The roots of the legal system in India date back to December 31, 1600, when Queen Elizabeth I gave a Royal Charter to ‘Governor and Company of Merchants of London Trading to the East Indies’ (more familiarly known as the East India Company). This Royal Charter gave the Governor and the Company the power to make laws, orders, ordinances, constitutions and establish courts that might be necessary for the right and proper governance of the Company. Over the years it also gave powers to saddle offenders with punishment by imprisonment, fines, and even whipping in some cases. James I renewed the Charter in 1609 giving more powers to the Company. When Oliver Cromwell took control of the United Kingdom, he granted many Charters between 1649 and 1660 but there is no evidence of such available today. Either they have been lost or suppressed after the Restoration of Monarchy in England in 1660.

With the Restoration, Charles II became the rightful occupant of the English throne and he gave his Charter in 1661. This Charter gave the Company sweeping powers under which a Council was formed to try cases, civil, criminal, and others according to the English law. In 1683 another Charter came into force, which is of considerable importance because it established “a Court of Judicature” (the first time the expression was used) consisting of a person knowledgeable in the civil laws, and two merchants of the Company to help him. In 1687 came the East India Company Charter, which gave power to the Company to establish the Corporation of Madras with a Mayor. Later a Mayor's Court was established with a Recorder, which had limited powers. This later gave way to the Supreme Court of Judicature established in Madras in September 1801 and Sir Thomas Strange who functioned as the Recorder became Chief Justice.
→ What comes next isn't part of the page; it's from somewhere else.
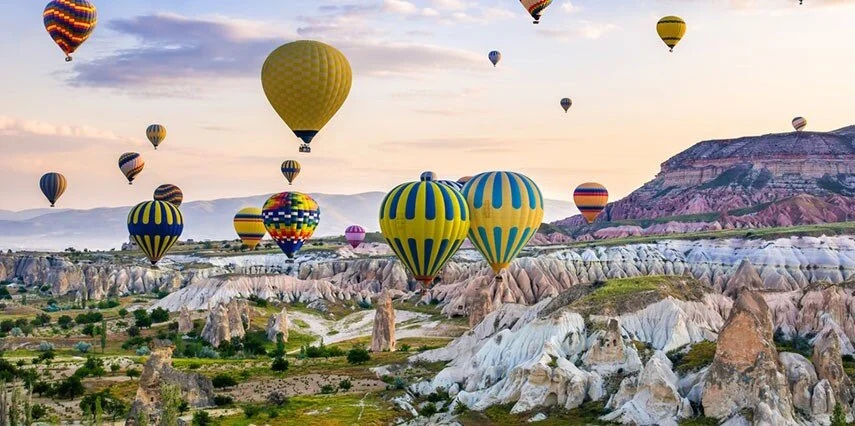 Kapadokya Turu (1Gece Konaklama)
One of the most memorable personalities of the early legal history of Madras, Sir Thomas Strange was born in Aberdeen, Scotland, on November 30, 1756. The son of Sir Robert Strange, he was educated at Westminster School and then at Christ Church, Oxford, after which he became a Barrister of Lincoln's Inn in 1785. On resigning as Chief Justice of Nova Scotia and President of the Council, he came to Madras as Recorder where he set up its judicial system. In 1798 Strange was knighted, and in 1800, he was elevated as the first Chief Justice of the Supreme Court of Madras. In 1804, he went to Calcutta where he ‘commanded a volunteer battalion and quelled a mutiny’. In 1817, Strange resigned as Chief Justice and moved back to England. In 1825, he wrote his pioneering work, ‘Elements of Hindu Law’. He passed away in England in 1841.
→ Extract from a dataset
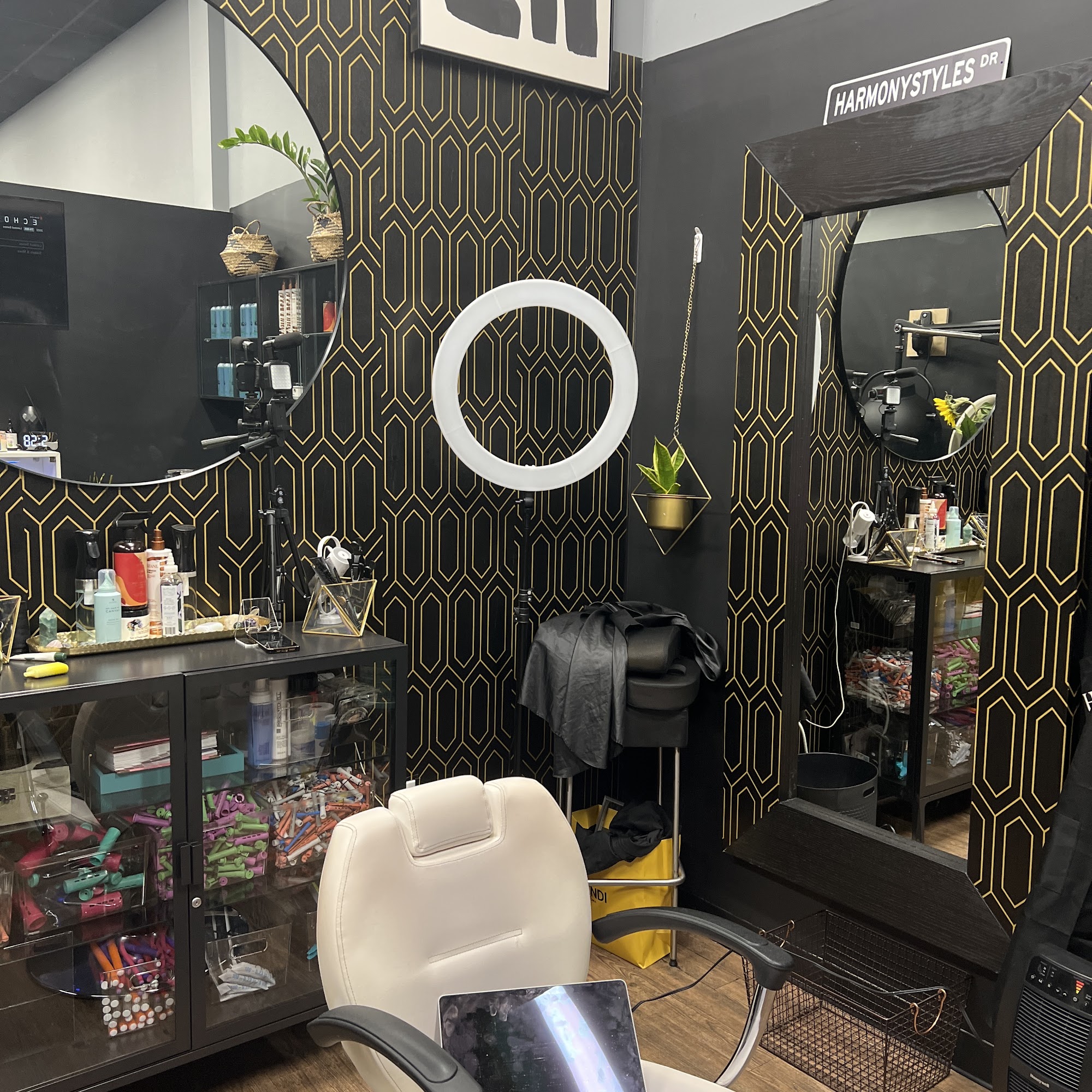 HarmonyStyles Hair Lounge 683A Main St, Laurel, MD 20707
A man of extraordinary brilliance, his is one of the earliest books in English on Hindu Law. Not familiar with Sanskrit he sought the help of several Brahmin pundits while at Madras and wrote the book later in his homeland. An excellent portrait of Sir Thomas Strange adorned the walls of the Madras Literary Society library on College Road in Nungambakkam for many years. This rare work vanished a few years ago and no one knows where it is today. Sad indeed….

A series of changes took place over the years, and when Queen Victoria took over Rule of India after the 1857 Sepoy Mutiny, the British Parliament passed ‘The Indian High Courts Act of 1861’ establishing High Courts at the three Presidency Towns of Bombay, Calcutta, and Madras.
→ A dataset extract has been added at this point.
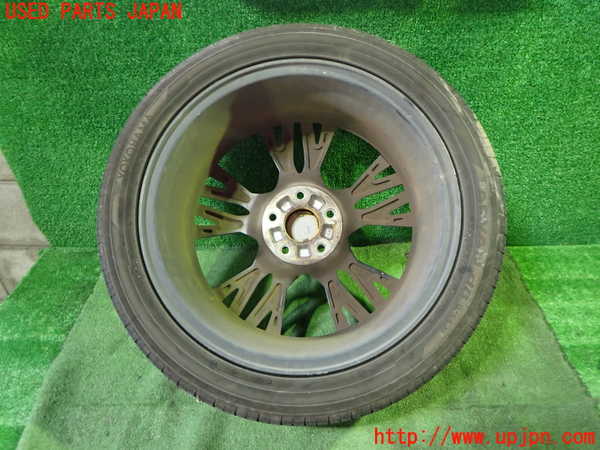 1UPJ-9241689044]オデッセイ(RC1)タイヤ　ホイール　1本④ 225/45R18 中古_4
During various periods in the early legal history there was a ‘Sadr Adalat’, three chief courts of appeal from courts administering Hindu and Islamic Law for different types of cases. Those were 1) Sadr Diwani Adalat: The chief civil court of appeal from courts administering Hindu and Islamic Law. 2) Sadr Faujdari Adalat: Until 1862 the chief criminal court of appeal in the Madras and Bombay Presidencies from courts administering Hindu and Islamic Law. 3) Sadr Nizamat Adalat: Until 1862, the chief criminal court of appeal in the Bengal Presidency from courts administering Hindu and Islamic Law. These were amalgamated in 1862 with the Supreme Courts to form the High Courts at the three Presidency Towns.

The Sadr Courts of Madras were situated in a spacious mansion in the Alwarpet area at the western end of Luz Church Road known as ‘Sudr Gardens’. It still exists on Kasturi Ranga Road of today which was the residence of Mr. Justice Basheer Ahmed Sayeed, former judge of the Madras High Court.

According to inimitable chronicler V. C. Gopalratnam, there was a tree on Mowbray’s Road near the Luz Church Road junction in Alwarpet, which was used to hang prisoners sentenced to death. Known as ‘the Hanging Tree’ more than a fistful of blood-curdling tales began to circulate around it scaring away folks from visiting the area after sundown!

Brahmin priests from the nearby Chenna Kesava and Chenna Malleeswara temples would come to the court with ‘Holy Water’ and ‘tulasi’ leaves for solemnization of parties and witnesses giving evidence in Court. That was the period when even parties to a case had to solemnly declare that they were not filing false cases or claims!

The current High Court Buildings, architecturally considered the best in this part of the world, were inaugurated with due pomp and circumstance on July 12, 1892 by the then Governor of Madras, Baron Wenlock. A large gathering of High Court judges, British Barristers, ‘native vakils’, officials, and several other dignitaries of the city attended the grand function. The then Chief Justice of Madras Sir Arthur Collins received the Governor, along with other judges of the High Court, including the lone Indian, the venerable Mr. Justice (later Sir) T. Muthuswami Iyer, and Advocate- General, J. H. Spring Branson, with a 12-gun salute.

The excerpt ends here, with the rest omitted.